Tras definir esta tendencia, e inducirnos a despreciarla, Calvo concluye sugiriendo que el auge de la no-ficción forma parte de una tendencia social determinante de nuestro tiempo: el narcisismo. Si nuestra generación dedica inmensas cantidades de tiempo, esfuerzo y dinero a narrarse a sí misma a través de las redes sociales, es natural que la ficción también sucumba a esa obsesión, y los escritores se consagren al reality en formato literario.
Como lector, me ha gustado que Javier Calvo refleje en su texto el hartazgo sobre un debate (ficción VS no ficción) que a ratos parece la única polémica sobre novela que la crítica periodística ha mantenido en los últimos años. Realmente, a mí, que no leo suplementos ni entrevistas a escritores, ni tengo ni idea de cómo va el mercado de los libros, me ha sorprendido que el autor sintiera la necesidad de pronunciarse al respecto. Y creo que si lo ha hecho es porque esta vez considera que, por fin, la profecía del fin de la ficción en el sistema literario se está cumpliendo, aunque en gran parte, sea como profecía autocumplida.
Al leer el artículo, también he tenido una rara sensación, como si Javier Calvo fuera un corresponsal que me envía su crónica desde un país extranjero. Calvo es un traductor muy importante en España, y conoce realmente bien el mercado editorial. Además, está naturalizado en la actualidad literaria anglosajona al mismo nivel que un escritor de esos lares. Para muchos ha demostrado credibilidad e independencia en sus intervenciones públicas, dos virtudes que hacen que, como corresponsal, para mí tenga mucho crédito.
Sin embargo, el país literario que yo habito es otro. Y me atrevo a decir que es el mismo que habita Javier Calvo, que, como corresponsal que es, no tiene por hogar el lugar desde el que reporta. Creo que nuestro país compartido no es de este mundo, y se mantiene en un plano ideal: es el que Alan Moore ha elevado casi a categoría de religión en sus historias, basado en una única ley sagrada: todo aquello que imaginamos, existe. Porque nuestro mundo mental es parte de la realidad. Nuestro país común, como no podía ser de otra manera, es el de la ficción.
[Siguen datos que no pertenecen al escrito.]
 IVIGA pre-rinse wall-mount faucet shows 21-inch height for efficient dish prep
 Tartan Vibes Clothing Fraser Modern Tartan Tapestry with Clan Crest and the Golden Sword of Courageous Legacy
Como lector, investigador casi privado de la literatura, novelista a ratos, como español de este viejo siglo XXI, emigrante y eterno precario, puedo decir que hace unos años el tsunami moral del que la defensa de la no ficción forma parte, también arrasó mi mundo. La política nos necesita, la realidad nos necesita, ¿cómo entregarse a frívolas evasiones a mundos imaginarios? En un momento en que España está tan jodida, y yo estoy tan jodido por España, ¿cómo voy a entregarme a la literatura? Casi hasta la no ficción me resultaba más inmoral, precisamente por sus ínfulas de moralidad, por creer que su literatura, por hablar de verdades, era activista. No, el activismo es otra cosa: es aburrido, feo, populachero, se hace en la calle y en centros sociales bastantes deprimentes, maneja temas y lenguajes profundamente antiestéticos, como son los de las leyes, reglamentos, actas, auditorías y políticas: la chicha del sistema. ¿Cómo pueden esos escritores testimoniales creer que una denuncia poética de la verdad puede cambiar nuestra sociedad, cuando el espectáculo mediático en el que vivimos inmersos ha convertido la “verdad” en el agujero más atormentado de nuestra confusión como país?
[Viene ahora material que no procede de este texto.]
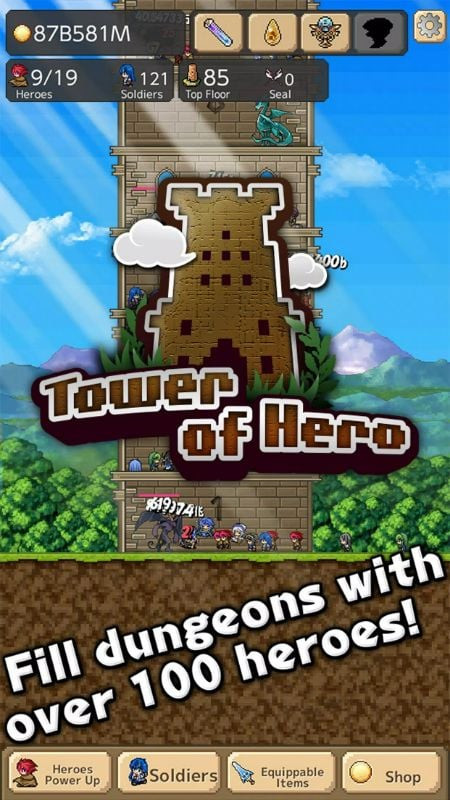 Tower of Hero MOD APK gameplay screenshot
Pero han pasado años y cosas, y he dejado mi talibanismo. También he dejado el activismo. En esta fase, la política electoral no necesita a los ciudadanos. Como tantos españoles precarios o peor que precarios, empiezo a tener estrés post-traumático cada vez que veo la cara de mi presidente y de sus nuevos y viejos opositores. Simplemente, no puedo más con mi realidad. No puedo más con mi no ficción. Después de otro día de luchas cotidianas, sólo quiero aferrarme a La guía del autoestopista galáctico, a La montaña mágica, a Big Bang Theory, al Red Dead Redemption. Sólo quiero volver a mi país imaginario.
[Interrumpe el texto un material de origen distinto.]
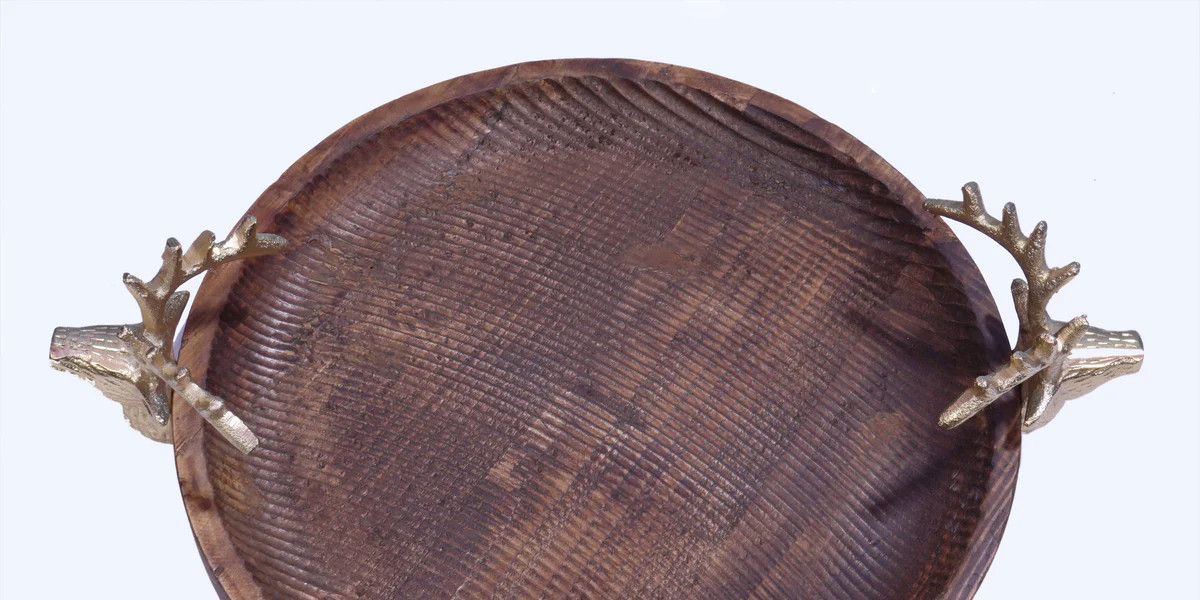 14.5" Reindeer Recycled Wooden Tray | Linen & Clove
La paradoja es que de mi país imaginario también forman parte las obras catalogadas como de “no ficción”. En mi mesilla de noche descansan Notas sobre Gaza, de Sacco, Mejor que ficción, editado por Carrión, o Los combates cotidianos, cómic de autoficción de Manu Larcenet. Todo es para mí igual de evasivo; no me importa si el origen de la historia es real o ficticio, porque el tratamiento literario, narrativo SIEMPRE la convertirá en una ficción, y a más señas, en una entretenida y placentera a unos niveles casi obscenos, pues igual disfruto leyendo la matanza de palestinos en Gaza en el 56 que Sacco testimonia, que las conversaciones que las dos cabezas de Zaphod Beeblebrox, presidente de la galaxia y ladrón, tienen entre ellas en El restaurante del fin del mundo. Ficción, o autoficción, o literatura de no ficción: para mí (y para una montaña de filósofos posmodernos) todas son mentira por duplicado: por ser relatos, y por ser estéticas. Y todas, además, comparten esa cualidad fundamental que las convierte en mi nueva arma política favorita: son puertas a otro mundo, el mundo de las ideas y la imaginación.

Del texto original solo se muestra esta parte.